The 5,280-lb. granite monument — engraved with the Protestant King James translation of the biblical commandments — was removed from its spot at the center of the Alabama state judicial building's rotunda in August. Moore's fellow justices on the Alabama Supreme Court overruled his decision to keep the monument in place.
At the time, Pryor announced his intention to cooperate with federal authorities in removing the monument, even though he had earlier defended Moore's position that the display was constitutional.
Last year, U.S. District Judge Myron Thompson declared the monument, which Moore had placed in the building shortly after he was elected to the state's highest judicial post, a violation of the Constitution's ban on government endorsement of religion.
Moore had campaigned as the “Ten Commandments Judge” after gaining notoriety through earlier court battles over display of the commandments in his courtroom while he was an Etowah County magistrate.
In July, a panel of the Atlanta-based 11th U.S. Circuit Court of Appeals unanimously upheld Thompson's ruling. Thompson then issued the order to remove the monument.
Moore's trial before the Court of the Judiciary, which begins Nov. 12 in Montgomery, could lead to exoneration or any of a number of punishments, including censure, further suspension or complete removal.
Pryor, as the state's chief law-enforcement officer, is charged with prosecuting the chief justice in the case. In a pre-trial brief, he argued that Moore should be removed because he “flagrantly disobeyed the law, incited the public to support his misconduct and undermined the integrity, independence, and impartiality of the judiciary.” “Because the chief justice intentionally and publicly engaged in misconduct, and because he remains unrepentant for his behavior,” Pryor wrote, “this court must remove the chief justice from office to protect the Alabama judiciary and the citizens who depend upon it for fair and impartial justice.”
Pryor, a conservative Catholic, has been nominated to a federal judgeship by President Bush. However, the nomination has been tied up by congressional Democrats who believe Pryor holds extremist views on issues such as church-state relations and abortion rights.

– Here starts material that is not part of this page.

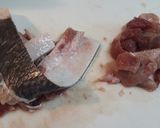 マグロの皮に挑戦作り方1写真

In the nomination battle, Pryor has received strong support from many Religious Right and anti-abortion-rights groups. However, some of his erstwhile supporters have turned against him because of his prosecution of Moore and because of his earlier cooperation in removing the monument.
Some of Moore's supporters have argued that Pryor's actions are designed to help his chances of winning his nomination battle. Pryor has argued that he is simply standing up for the rule of law.
The Court of the Judiciary is made up of nine members, who are a mix of judges, lawyers and laypeople elected by their peers or appointed by state officeholders. If it rules against Moore, he may appeal to have the case re-heard by his colleagues on the Alabama Supreme Court. They could choose to recuse themselves from the case, in which case a special supreme court would be either appointed by Gov. Bob Riley (R) or chosen by the justices themselves.
Although many experts consider the trial an open-and-shut case, removal of the chief justice would require a unanimous vote by the panel. A University of Alabama political-science professor said such an outcome may be in doubt in a state where Moore enjoys immense popular support.
“There are elected judges on that court,” William Stewart told the Mobile Register. “They face their own elections. I'm not so sure they would want to be responsible for removing Roy Moore from office.”